- Location: Bernalillo – Sandoval counties, New Mexico, United States
- Nearest city: Albuquerque, New Mexico
- Coordinates: 35°12′0″N 106°27′0″W﻿ / ﻿35.20000°N 106.45000°W
- Area: 37,877 acres (15,328 ha)
- Established: 1978
- Visitors: 2 million (in 2000?)
- Governing body: United States Forest Service

= Sandia Mountain Wilderness =

Protected area in New Mexico, United States

Sandia Mountain Wilderness, part of Cibola National Forest, is located east of Albuquerque, New Mexico, and comprises much of Sandia Mountains. It became part of the National Wilderness Preservation System in 1978 by an act of the United States Congress and has a total of 37877 acre.

The wilderness is under the authority of the United States Forest Service. Because of its proximity to Albuquerque, it has one of the most used trail systems in the state. Most tourists access the wilderness area either by way of the Sandia Aerial Tramway or by driving by way of the Sandia Crest National Scenic Byway.

== Geography ==
The Sandia Mountains Wilderness Area comprises the Sandia Mountain Range that runs from north of Albuquerque along the eastern side of the city in central New Mexico. The range itself is rather small, only spanning about 18 mi from north to south, and 8 mi, east to west. Almost the entire range is part of the Cibola National Forest area, including the Sandia Mountain Wilderness. The Wilderness area itself lies mostly on the western side of the mountains with a few trails and areas that cross over onto the eastern side.
To the south there is the Manzanita Mountains that form a low ridge separating the Manzano Mountain range (and the Manzano Wilderness) to the south and the Sandia Mountains to the north.

=== Geology ===
The dominating rock type in the Sandia Mountains is granite with a ribbon of limestone running along the crest.

== History ==
The Sandia Mountain Wilderness is part of the 109 e6acre National Wilderness Preservation System that was created by the US Congress with the Wilderness Act of 1964, though it did not become a part of the system until 1978. In the nineteen eighties, several changes increased the boundary of the Sandia Mountain Wilderness to its current size.

The 1980 amendment was used to add certain portions of the Cibola National Forest to the Wilderness area. In 1982, the boundaries were changed to transfer some of the wilderness land to Albuquerque, but the new acreage was never declared. Finally, in 1984, the San Juan Basin located in the northwest corner of New Mexico was put under the protection of the Wilderness Act and made a part of the Sandia Mountain Wilderness. Since then, no new boundary amendments have been made.

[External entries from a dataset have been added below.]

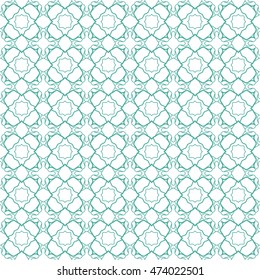 Seamless geometric line pattern, colorful repeating texture, seamless linear background. Contemporary graphic design, ethnic ornament. Seamless lace pattern. Vector illustration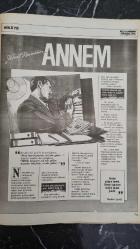 TÜRKİYE MAGAZİN GAZETESİ - 11 ŞUBAT 1990 - GÜRBÜZ AZAK , DELİ BALTA - SÜREYYA PAŞA , KUZULARIM ELVEDA - ANNEM , HADİS - İ ŞERİF , ANANIN AYAĞINI ÖPMEK ,CENNET KAPISININ EŞİĞİNİ ÖPMEK GİBİDİR --BİLMECE - BULMACA - GENÇ KIZLARIN RÜYASI KINA GECESİ - VİLDAN ARVAS , GARİP BABA --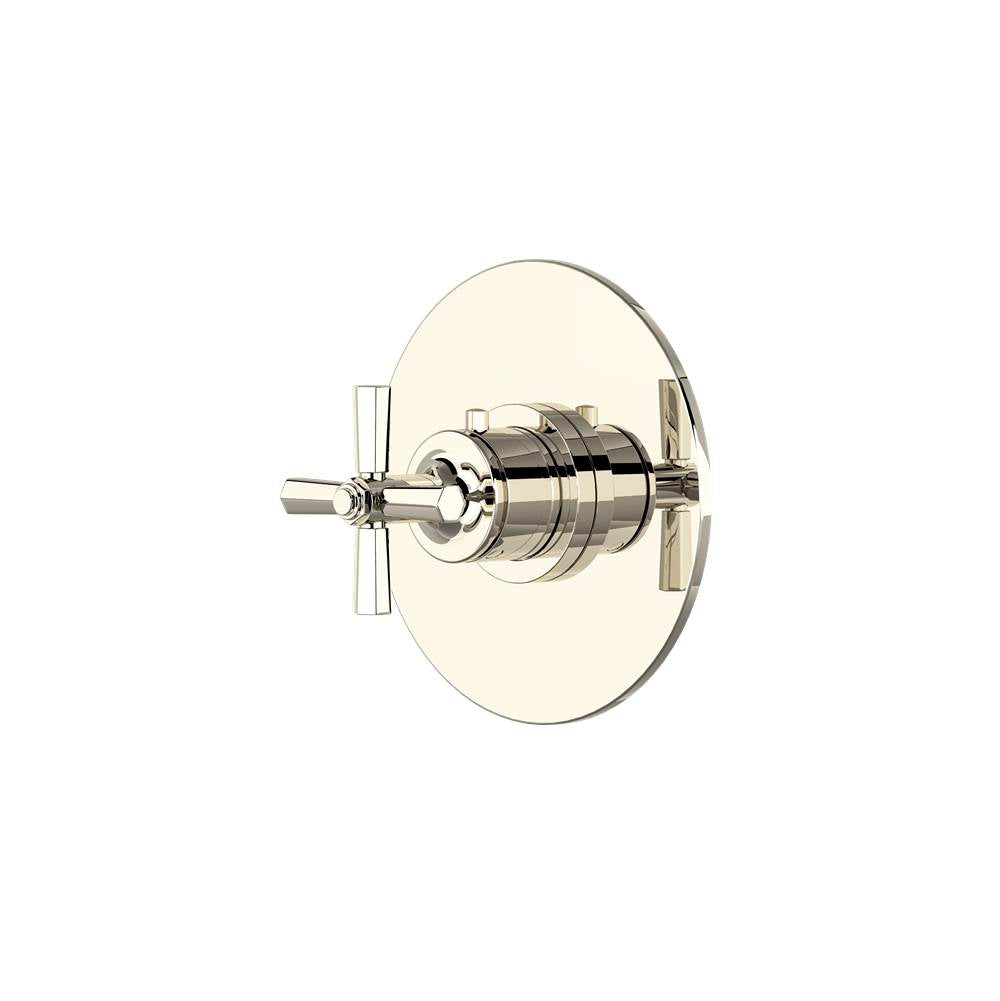 Rohl - ModelleE 3/4'' Thermostatic Trim Without Volume Control - Polished Nickel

Some of the most common animals seen in the Sandia Wilderness are mule deer, black bears, raccoons, bobcats, and various species of squirrel. There are also many birds of prey that live and migrate within the Sandia Mountain Wilderness including golden eagles and various species of hawks. Other birds such as roadrunners, Steller's Jays, ravens, and canyon wrens can also be found on in the mountains.
The upper parts of the Sandia Mountains have a lot of tree cover made up mostly of firs and spruce trees, with ponderosas and conifers inhabiting the middle elevations.

== Paths and trails ==
The Sandia Mountain Wilderness has one of the longest tramways in the world, traveling 2.7 mi and climbing nearly 4000 ft to the crest of the Sandias. The Sandia Peak Aerial Tramway was designed by a team of Swiss engineers that had designed similar systems in the Alps. The tram has never had an accident or injury since its opening in 1966. The tram passes two towers along its trip at elevations of 7010 ft and 8750 ft. The top terminal is at an elevation of 10300 ft.

Once at the crest of the Sandia Mountains, there are approximately 26.5 mi of trail that run along the ridge (known as Crest Trail) at an average elevation of 10000 ft. In addition to Crest Trail, the Sandia Mountain Wilderness has around 117 mi worth of trails that are maintained by the Forest Service.